What is needed = Entries below include pictures. Output exactly the lines from the one with "Jewelry wholesale 18K" down to the one with "Wholesale disposable takeout", both ends included, and leave the pictures out.

Material for the task =
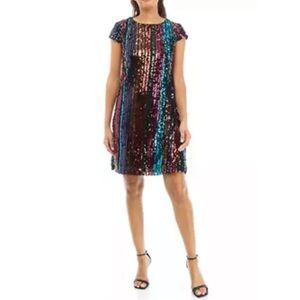 Donna Ricco Multicolor Sequin Sheath Dress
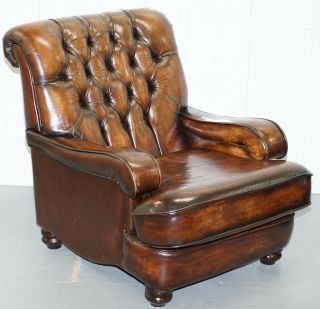 RESTORED PAIR,  CHESTERFIELD HAND DYED CIGAR BROWN LEATHER SCROLL BACK ARMCHAIRS 2
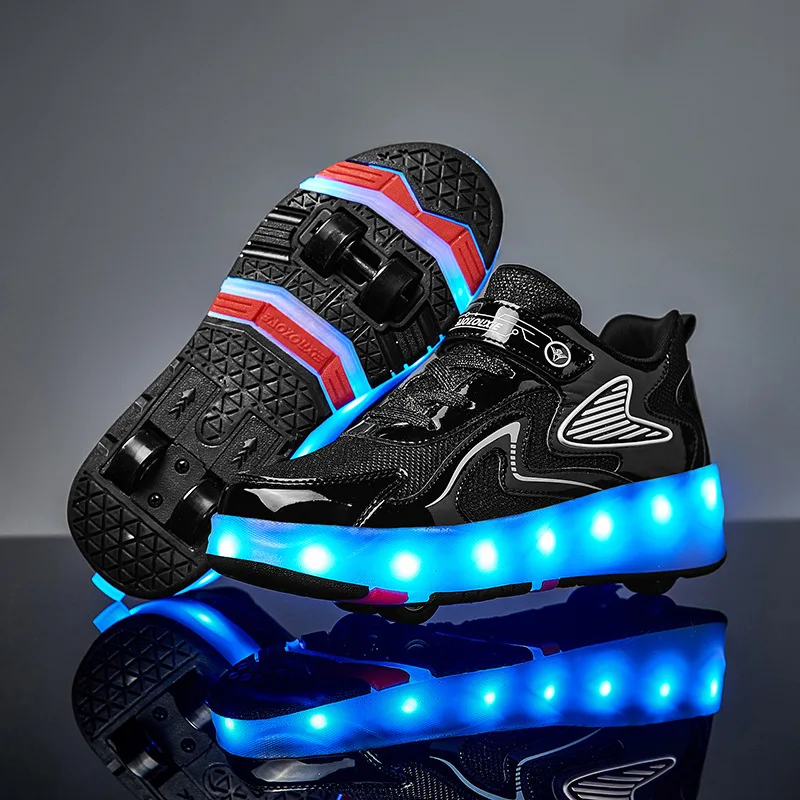 Four Wheels Children Roller Shoes USB Charging Boys & Girls Roller Skates Fashion LED Kids Sneakers Size 29-43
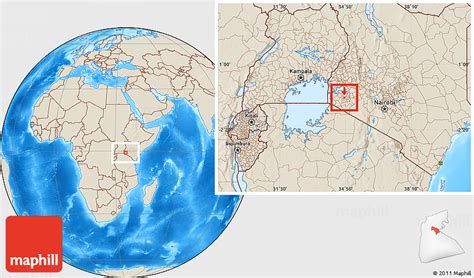 Shaded Relief Location Map of KISII MUNICIPALITY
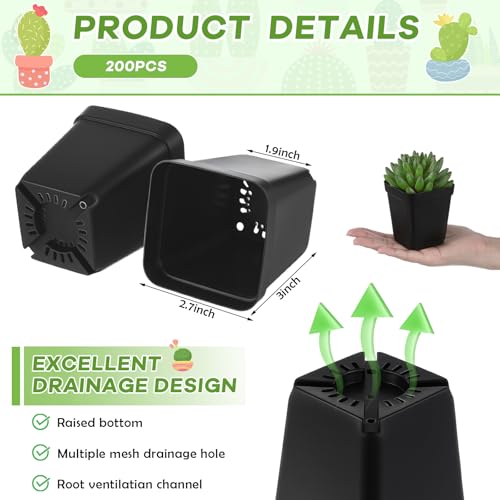 Yaomiao 200 Pack 3 Inch Black Nursery Pot Square Flower Pots Plastic Plant Succulent Planter Seed Starting Pots with Drainage Holes for Garden Office Balcony Decor Indoor Outdoor Plant Seedling - color: Black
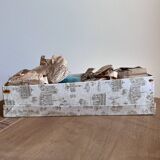 Set of 4 vintage azure blue crackled glass vases – ref. 7239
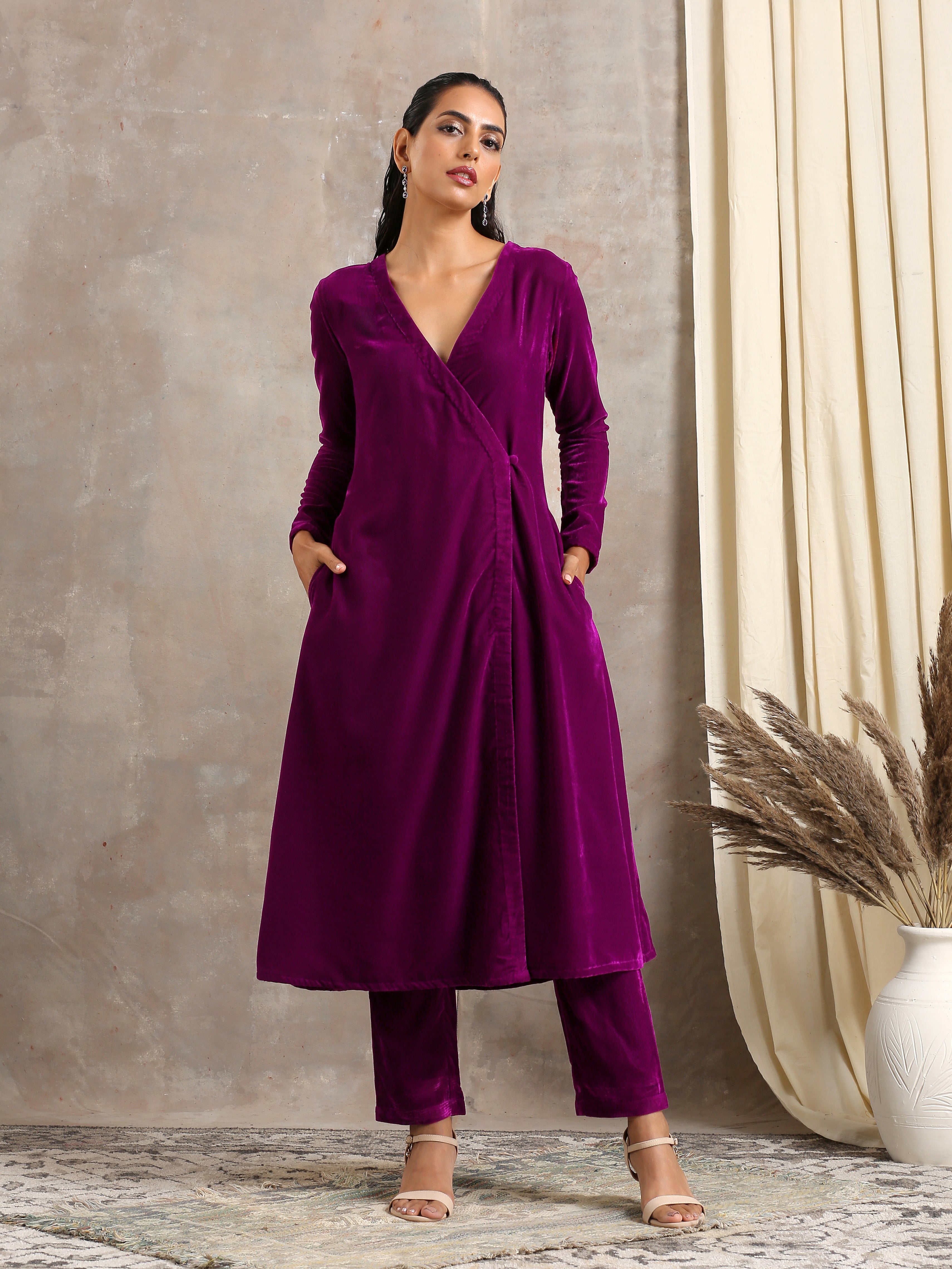 Wine Velvet Angrakha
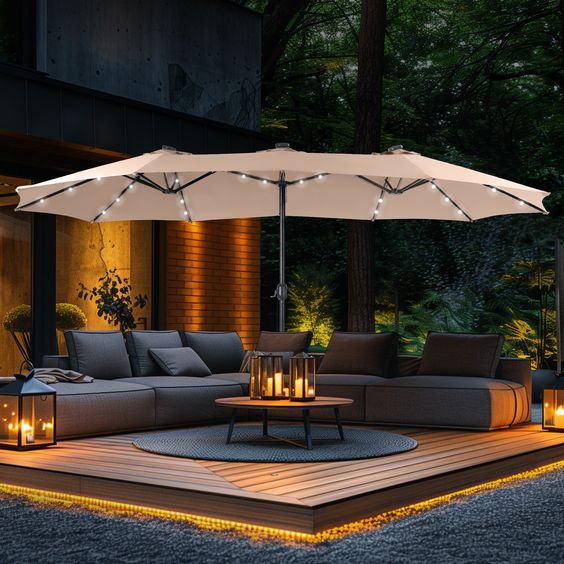 15FT Twin Patio Umbrella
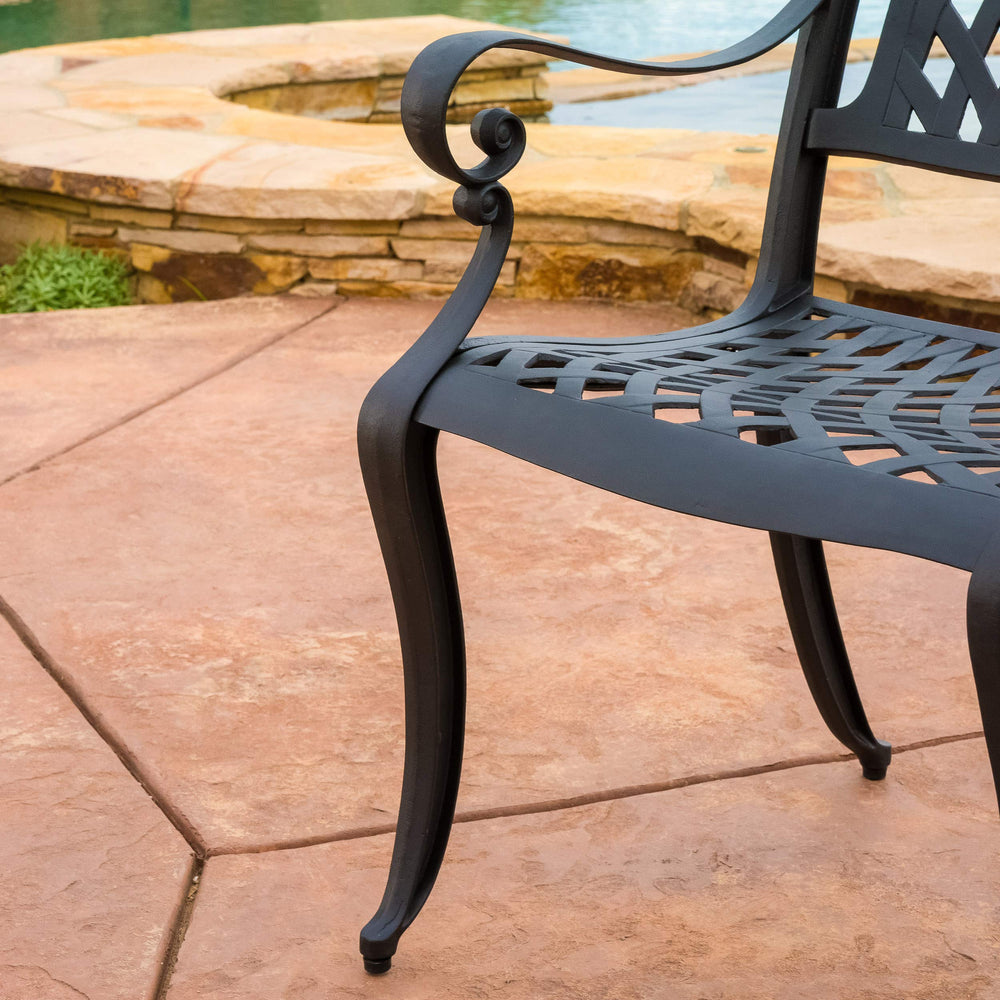Christopher Knight Home back detail showing cast aluminum pattern and decorative appeal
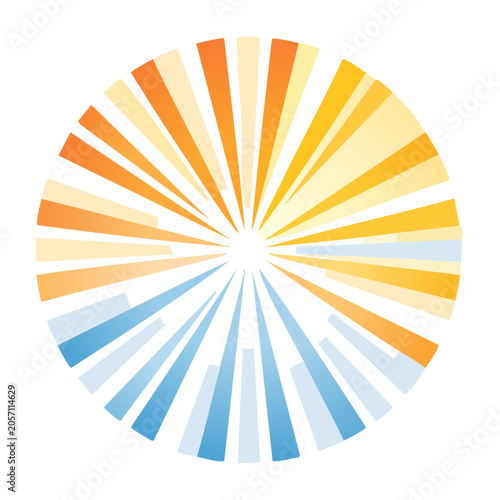 Abstract radial pattern with warm and cool colors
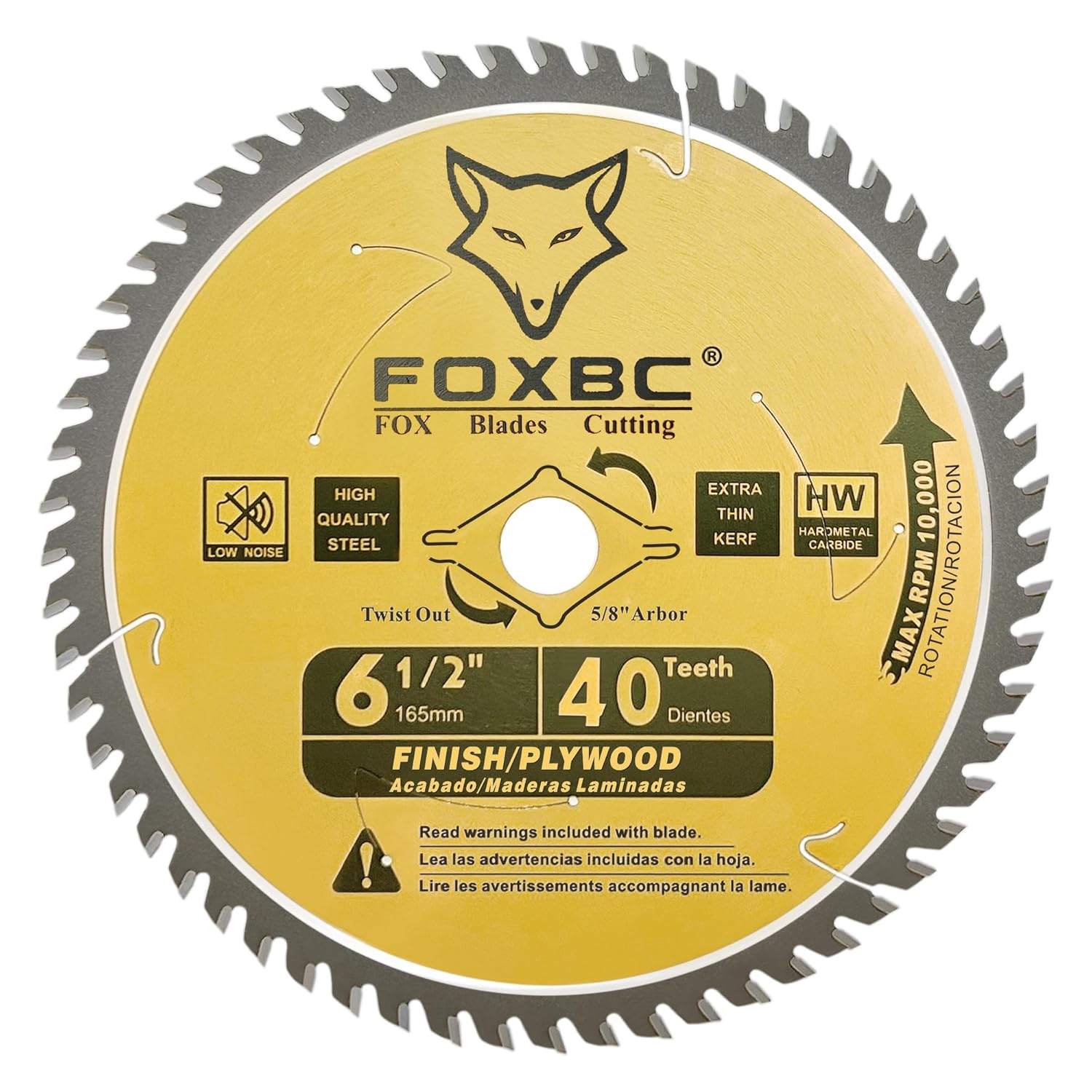 FOXBC 6-1/2 inch Circular Saw Blade Fine Finish 40-Tooth for Wood Cutting, Thin-Kerf with 5/8" Arbor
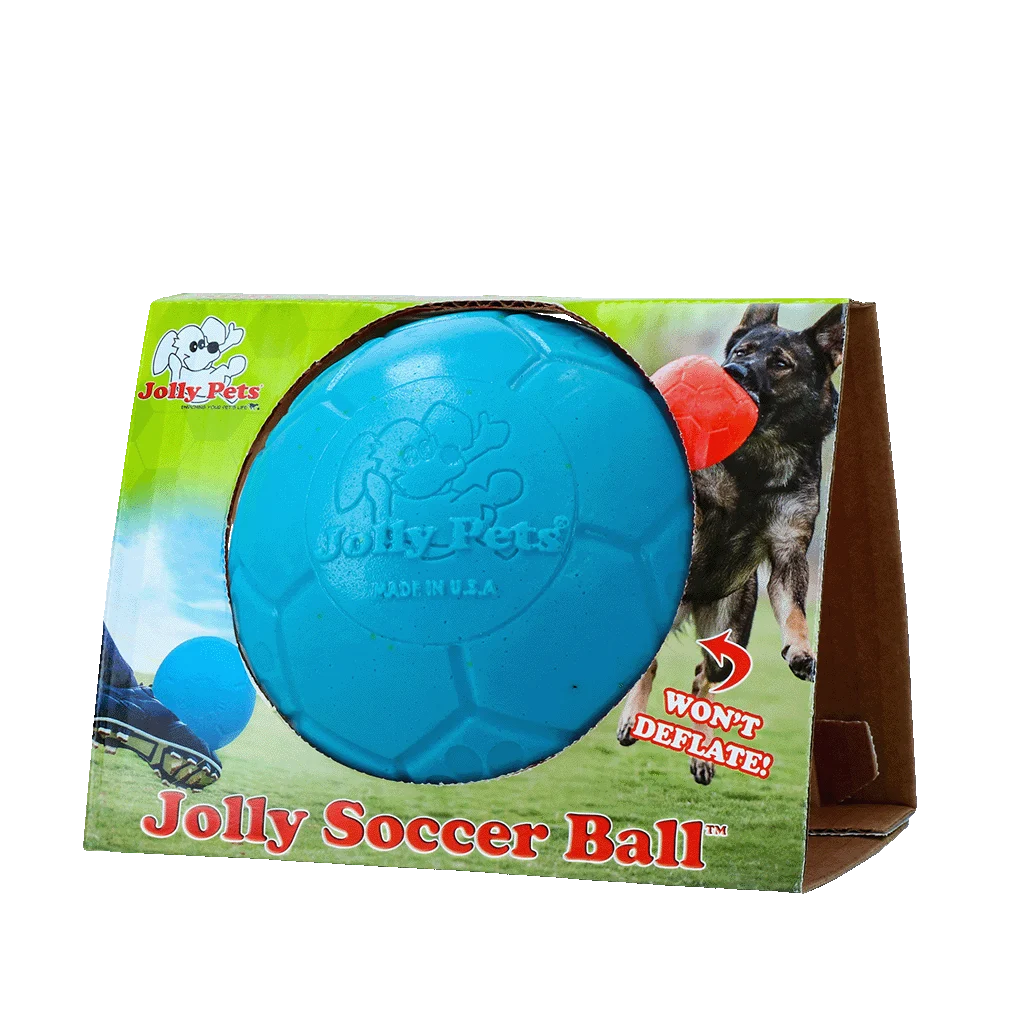 Balle pour chien à rapporter, bleu clair, 15 cm – Jolly Pets Jolly Soccer Ball – Image 1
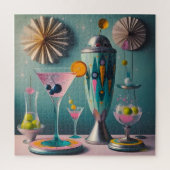 Midden eeuw Atomic Futuristic Cocktail Time Legpuzzel (Verticaal)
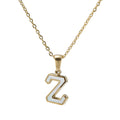 Jewelry wholesale 18K Gold Shell Stainless Steel 26 Capital Letter Pendant Necklace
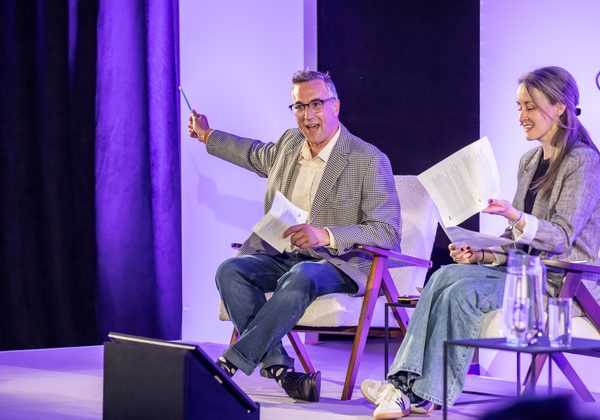 Writer Ryan Van Winkle on stage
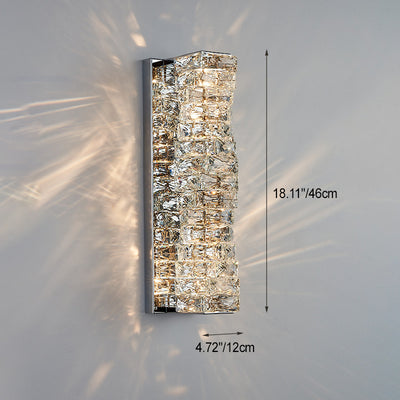 مصباح حائط LED كريستالي عصري فاخر مستطيل للغرفة المعيشة 
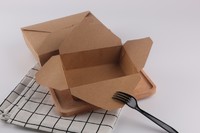 Wholesale disposable takeout food packaging kraft paper lunch box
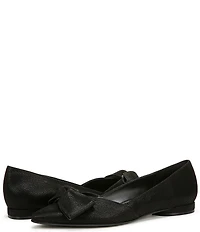 Naturalizer Havana Glossy Suede Bow Embellished Pointed Toe Dress Flats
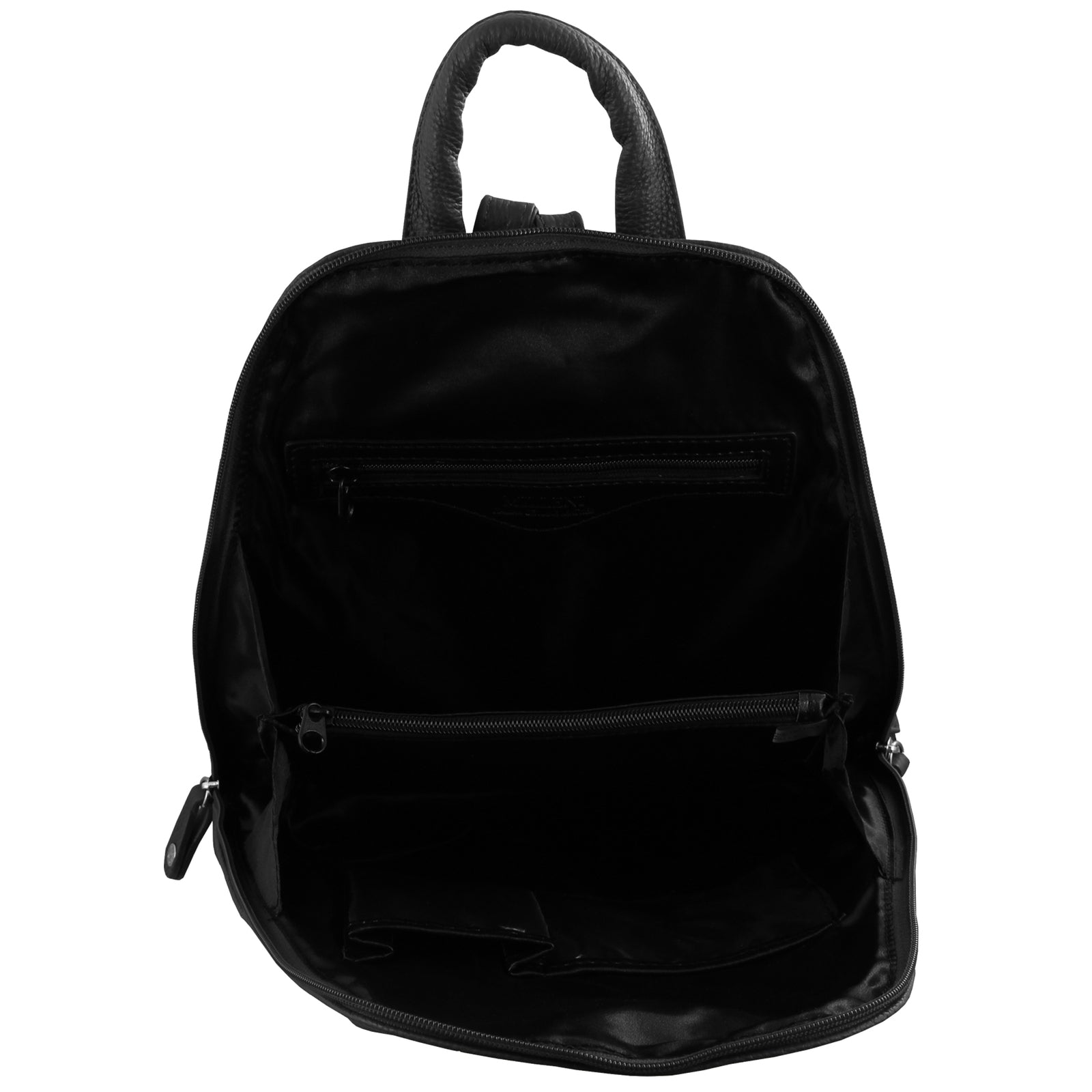 Milleni Womens Twin Zip Backpack Nappa Italian Leather Travel Bag - Black-3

Solution for this exercise =
 Jewelry wholesale 18K Gold Shell Stainless Steel 26 Capital Letter Pendant Necklace
 Writer Ryan Van Winkle on stage
 مصباح حائط LED كريستالي عصري فاخر مستطيل للغرفة المعيشة 
 Wholesale disposable takeout food packaging kraft paper lunch box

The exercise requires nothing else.